■ **Aim of the task**: Would you output the lines from the one containing "LauraAnnSTL's tweet image." through the final line of the entries, exactly and with pictures omitted?

■ **Records for the exercise**:
= = = =
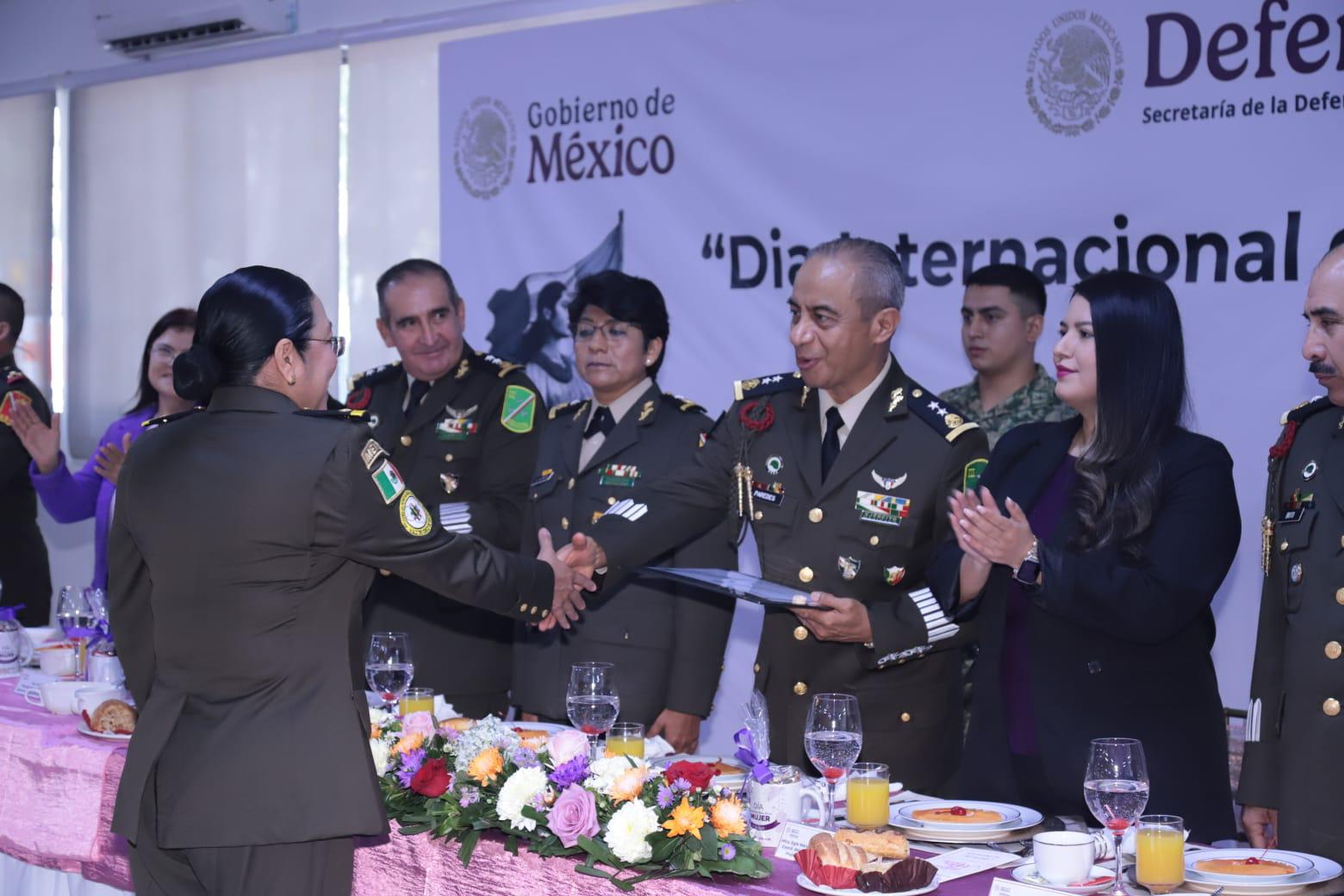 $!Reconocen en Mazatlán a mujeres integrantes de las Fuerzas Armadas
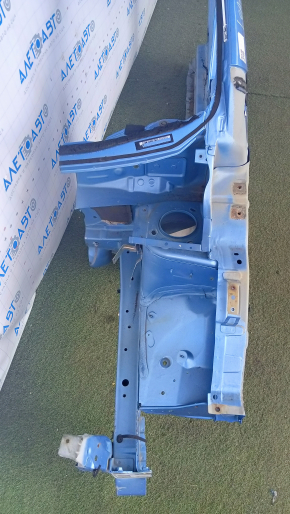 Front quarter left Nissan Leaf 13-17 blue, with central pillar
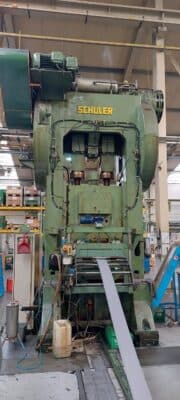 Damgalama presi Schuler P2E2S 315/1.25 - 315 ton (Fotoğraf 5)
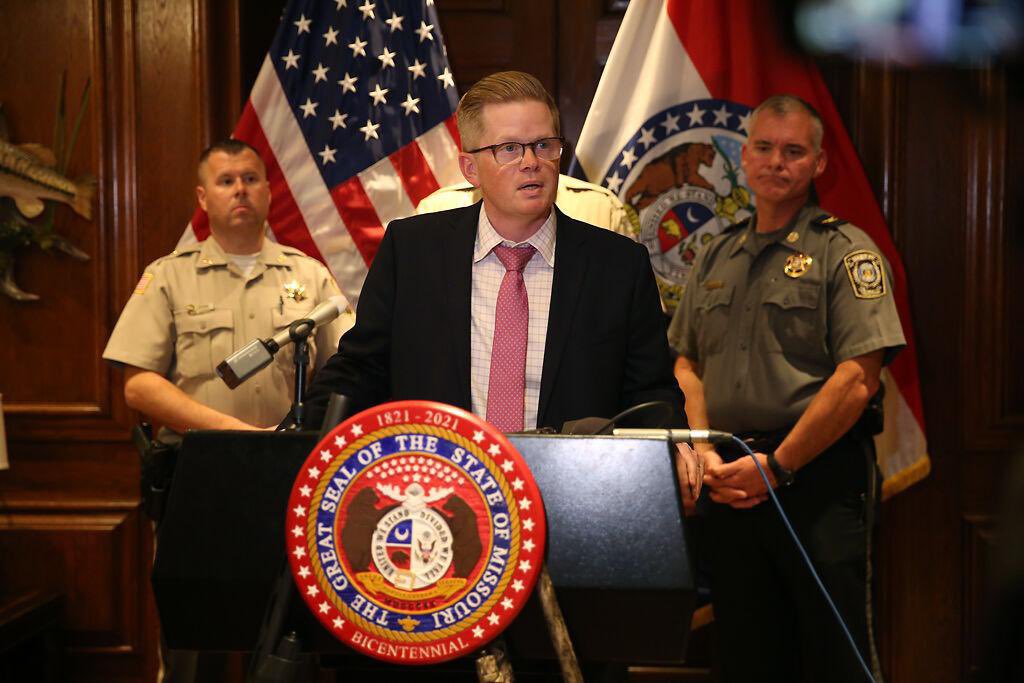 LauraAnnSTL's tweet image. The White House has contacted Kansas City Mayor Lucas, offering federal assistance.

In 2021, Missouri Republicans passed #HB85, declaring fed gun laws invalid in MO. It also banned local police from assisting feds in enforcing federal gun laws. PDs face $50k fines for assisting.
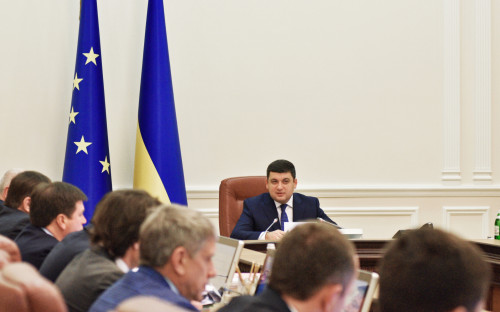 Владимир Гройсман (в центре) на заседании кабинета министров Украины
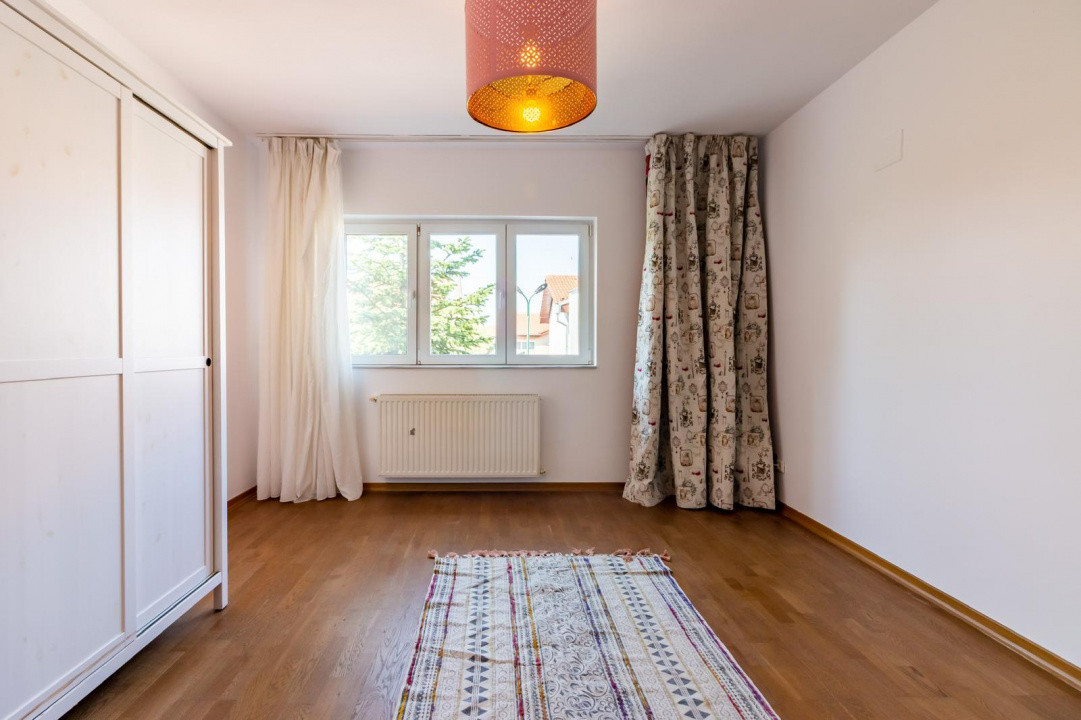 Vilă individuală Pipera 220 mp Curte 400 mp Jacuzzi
= = = =
■ **Solution for this task**:
 LauraAnnSTL's tweet image. The White House has contacted Kansas City Mayor Lucas, offering federal assistance.

In 2021, Missouri Republicans passed #HB85, declaring fed gun laws invalid in MO. It also banned local police from assisting feds in enforcing federal gun laws. PDs face $50k fines for assisting.
 Владимир Гройсман (в центре) на заседании кабинета министров Украины
 Vilă individuală Pipera 220 mp Curte 400 mp Jacuzzi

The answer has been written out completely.